Short web captions:
((

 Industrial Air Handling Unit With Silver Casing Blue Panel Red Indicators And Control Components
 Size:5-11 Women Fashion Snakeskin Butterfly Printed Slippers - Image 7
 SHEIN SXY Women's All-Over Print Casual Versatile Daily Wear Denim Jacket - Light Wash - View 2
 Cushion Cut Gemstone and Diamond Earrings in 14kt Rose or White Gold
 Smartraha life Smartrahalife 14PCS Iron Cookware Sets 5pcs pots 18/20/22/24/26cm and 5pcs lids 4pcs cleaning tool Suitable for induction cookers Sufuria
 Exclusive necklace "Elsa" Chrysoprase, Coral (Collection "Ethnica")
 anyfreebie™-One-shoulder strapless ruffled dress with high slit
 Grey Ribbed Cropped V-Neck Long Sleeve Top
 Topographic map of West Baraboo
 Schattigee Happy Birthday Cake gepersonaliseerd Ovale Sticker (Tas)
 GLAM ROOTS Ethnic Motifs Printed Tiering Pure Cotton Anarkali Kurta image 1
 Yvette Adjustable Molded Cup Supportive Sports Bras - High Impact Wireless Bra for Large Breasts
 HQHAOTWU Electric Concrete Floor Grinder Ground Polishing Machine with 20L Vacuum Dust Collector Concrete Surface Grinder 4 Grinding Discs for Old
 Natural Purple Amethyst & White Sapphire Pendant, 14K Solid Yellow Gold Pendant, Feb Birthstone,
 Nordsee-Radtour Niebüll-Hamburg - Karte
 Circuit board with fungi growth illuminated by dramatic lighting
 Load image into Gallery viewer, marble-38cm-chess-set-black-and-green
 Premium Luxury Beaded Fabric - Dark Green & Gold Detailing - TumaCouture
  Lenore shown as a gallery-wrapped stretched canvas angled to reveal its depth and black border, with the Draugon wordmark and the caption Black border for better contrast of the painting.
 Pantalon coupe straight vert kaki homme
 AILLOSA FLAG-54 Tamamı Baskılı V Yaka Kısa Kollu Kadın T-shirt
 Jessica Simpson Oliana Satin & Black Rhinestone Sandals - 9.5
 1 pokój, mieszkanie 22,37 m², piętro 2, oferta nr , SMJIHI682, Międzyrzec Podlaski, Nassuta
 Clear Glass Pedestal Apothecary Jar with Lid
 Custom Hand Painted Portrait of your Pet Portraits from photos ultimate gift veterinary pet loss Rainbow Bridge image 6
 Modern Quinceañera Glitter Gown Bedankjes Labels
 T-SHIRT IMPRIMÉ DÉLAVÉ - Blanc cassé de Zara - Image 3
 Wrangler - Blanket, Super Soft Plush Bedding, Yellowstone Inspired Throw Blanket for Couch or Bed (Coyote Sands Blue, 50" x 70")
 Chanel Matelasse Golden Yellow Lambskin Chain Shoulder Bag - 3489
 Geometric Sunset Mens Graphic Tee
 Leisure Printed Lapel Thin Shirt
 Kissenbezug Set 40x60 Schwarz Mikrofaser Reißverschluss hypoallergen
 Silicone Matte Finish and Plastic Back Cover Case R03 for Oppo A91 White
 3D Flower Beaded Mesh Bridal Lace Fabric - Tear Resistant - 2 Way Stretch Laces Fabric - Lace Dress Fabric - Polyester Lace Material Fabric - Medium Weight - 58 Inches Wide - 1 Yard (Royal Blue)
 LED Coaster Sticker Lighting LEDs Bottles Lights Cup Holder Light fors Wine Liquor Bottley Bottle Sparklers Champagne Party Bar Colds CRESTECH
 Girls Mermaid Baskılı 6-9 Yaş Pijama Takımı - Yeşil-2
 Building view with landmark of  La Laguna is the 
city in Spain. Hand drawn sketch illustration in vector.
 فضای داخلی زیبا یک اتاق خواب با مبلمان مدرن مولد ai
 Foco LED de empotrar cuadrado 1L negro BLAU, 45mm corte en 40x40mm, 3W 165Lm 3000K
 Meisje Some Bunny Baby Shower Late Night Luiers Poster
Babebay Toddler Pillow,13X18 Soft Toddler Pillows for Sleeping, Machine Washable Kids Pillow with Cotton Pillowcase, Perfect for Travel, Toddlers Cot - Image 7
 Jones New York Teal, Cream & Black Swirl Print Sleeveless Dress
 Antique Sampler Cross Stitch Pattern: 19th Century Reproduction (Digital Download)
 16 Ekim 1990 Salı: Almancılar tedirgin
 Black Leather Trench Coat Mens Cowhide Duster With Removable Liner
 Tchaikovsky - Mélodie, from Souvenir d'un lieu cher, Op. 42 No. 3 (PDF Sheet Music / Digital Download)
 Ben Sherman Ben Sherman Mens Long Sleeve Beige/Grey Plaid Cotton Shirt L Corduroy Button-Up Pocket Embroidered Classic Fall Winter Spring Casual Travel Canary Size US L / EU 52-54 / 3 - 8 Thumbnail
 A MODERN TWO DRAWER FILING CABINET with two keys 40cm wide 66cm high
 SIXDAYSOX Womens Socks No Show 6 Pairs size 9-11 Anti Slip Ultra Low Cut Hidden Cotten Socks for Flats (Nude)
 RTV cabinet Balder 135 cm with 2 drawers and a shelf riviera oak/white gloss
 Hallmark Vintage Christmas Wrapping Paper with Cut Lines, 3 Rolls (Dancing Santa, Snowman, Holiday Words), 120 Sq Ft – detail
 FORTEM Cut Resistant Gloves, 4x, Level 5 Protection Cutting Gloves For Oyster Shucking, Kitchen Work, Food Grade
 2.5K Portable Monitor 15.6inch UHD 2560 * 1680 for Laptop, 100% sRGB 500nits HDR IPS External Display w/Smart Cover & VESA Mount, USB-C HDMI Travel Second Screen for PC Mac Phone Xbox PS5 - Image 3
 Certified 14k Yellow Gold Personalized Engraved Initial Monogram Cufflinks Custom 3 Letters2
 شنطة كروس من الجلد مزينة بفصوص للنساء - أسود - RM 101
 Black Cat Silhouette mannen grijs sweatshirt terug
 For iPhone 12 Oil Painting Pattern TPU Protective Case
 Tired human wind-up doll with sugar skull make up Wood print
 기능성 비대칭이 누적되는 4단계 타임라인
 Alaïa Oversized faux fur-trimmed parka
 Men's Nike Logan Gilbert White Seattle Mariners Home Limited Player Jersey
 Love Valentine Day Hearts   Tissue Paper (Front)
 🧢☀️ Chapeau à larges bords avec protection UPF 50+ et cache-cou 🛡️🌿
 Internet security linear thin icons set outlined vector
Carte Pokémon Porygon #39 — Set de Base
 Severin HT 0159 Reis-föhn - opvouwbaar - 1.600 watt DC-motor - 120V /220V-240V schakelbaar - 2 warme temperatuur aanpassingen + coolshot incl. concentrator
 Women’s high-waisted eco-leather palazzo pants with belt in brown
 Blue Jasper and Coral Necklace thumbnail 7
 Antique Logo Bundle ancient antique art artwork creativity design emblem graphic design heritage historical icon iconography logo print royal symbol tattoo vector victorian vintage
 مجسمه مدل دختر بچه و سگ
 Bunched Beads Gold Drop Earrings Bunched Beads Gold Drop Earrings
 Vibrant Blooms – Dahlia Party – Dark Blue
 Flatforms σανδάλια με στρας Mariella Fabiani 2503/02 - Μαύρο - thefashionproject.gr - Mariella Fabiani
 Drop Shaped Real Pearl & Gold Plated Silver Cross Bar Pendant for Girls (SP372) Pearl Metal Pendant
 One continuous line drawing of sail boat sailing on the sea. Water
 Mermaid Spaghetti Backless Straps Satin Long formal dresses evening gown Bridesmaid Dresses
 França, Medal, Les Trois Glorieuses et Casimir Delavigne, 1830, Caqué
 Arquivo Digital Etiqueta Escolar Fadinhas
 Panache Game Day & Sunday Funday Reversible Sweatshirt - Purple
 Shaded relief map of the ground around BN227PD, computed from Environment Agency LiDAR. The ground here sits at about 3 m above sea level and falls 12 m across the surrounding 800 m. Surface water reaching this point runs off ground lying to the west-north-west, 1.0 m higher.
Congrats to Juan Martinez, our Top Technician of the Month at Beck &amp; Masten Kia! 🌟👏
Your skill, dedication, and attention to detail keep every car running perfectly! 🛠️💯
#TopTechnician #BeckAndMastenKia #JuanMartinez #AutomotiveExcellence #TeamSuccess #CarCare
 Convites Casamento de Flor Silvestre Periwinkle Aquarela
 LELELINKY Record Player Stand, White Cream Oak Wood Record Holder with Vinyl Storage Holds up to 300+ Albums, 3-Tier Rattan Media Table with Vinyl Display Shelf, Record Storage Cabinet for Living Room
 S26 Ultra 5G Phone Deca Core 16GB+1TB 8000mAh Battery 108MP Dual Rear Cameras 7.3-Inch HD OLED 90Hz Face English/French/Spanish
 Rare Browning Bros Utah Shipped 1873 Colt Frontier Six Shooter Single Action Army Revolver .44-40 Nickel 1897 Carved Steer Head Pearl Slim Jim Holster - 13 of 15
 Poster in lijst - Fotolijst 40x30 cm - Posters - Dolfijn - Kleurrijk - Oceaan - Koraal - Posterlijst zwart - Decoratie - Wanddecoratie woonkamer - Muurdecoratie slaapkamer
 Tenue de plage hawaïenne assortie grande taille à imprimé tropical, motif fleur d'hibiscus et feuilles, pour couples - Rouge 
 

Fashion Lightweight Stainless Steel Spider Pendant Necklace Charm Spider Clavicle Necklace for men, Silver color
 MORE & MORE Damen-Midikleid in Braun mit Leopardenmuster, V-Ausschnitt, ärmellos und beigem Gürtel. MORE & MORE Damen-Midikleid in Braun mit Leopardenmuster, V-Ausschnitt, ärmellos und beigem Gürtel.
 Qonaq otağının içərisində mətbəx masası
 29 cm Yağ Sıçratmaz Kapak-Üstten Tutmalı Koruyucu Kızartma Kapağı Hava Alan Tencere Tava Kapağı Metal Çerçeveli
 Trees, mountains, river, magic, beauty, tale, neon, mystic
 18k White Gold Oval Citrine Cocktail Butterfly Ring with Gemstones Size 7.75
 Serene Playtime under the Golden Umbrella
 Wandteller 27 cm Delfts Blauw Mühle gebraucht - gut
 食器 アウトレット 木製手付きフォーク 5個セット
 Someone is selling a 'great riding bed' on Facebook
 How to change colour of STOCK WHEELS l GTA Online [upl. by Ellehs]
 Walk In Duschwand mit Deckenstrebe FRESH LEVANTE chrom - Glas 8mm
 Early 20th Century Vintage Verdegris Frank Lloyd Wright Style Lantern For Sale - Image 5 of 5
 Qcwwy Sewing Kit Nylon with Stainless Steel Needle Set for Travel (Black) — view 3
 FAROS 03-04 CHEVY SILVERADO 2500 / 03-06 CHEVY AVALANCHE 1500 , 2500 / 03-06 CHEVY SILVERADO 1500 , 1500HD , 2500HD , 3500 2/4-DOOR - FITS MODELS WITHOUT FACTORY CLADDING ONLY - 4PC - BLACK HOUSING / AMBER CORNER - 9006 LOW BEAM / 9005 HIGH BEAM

))

▶ [Instructions for the task]
Check each line above for the word "Girls". Then state how many lines contain it, and nothing more.

▶ [Written reply]
2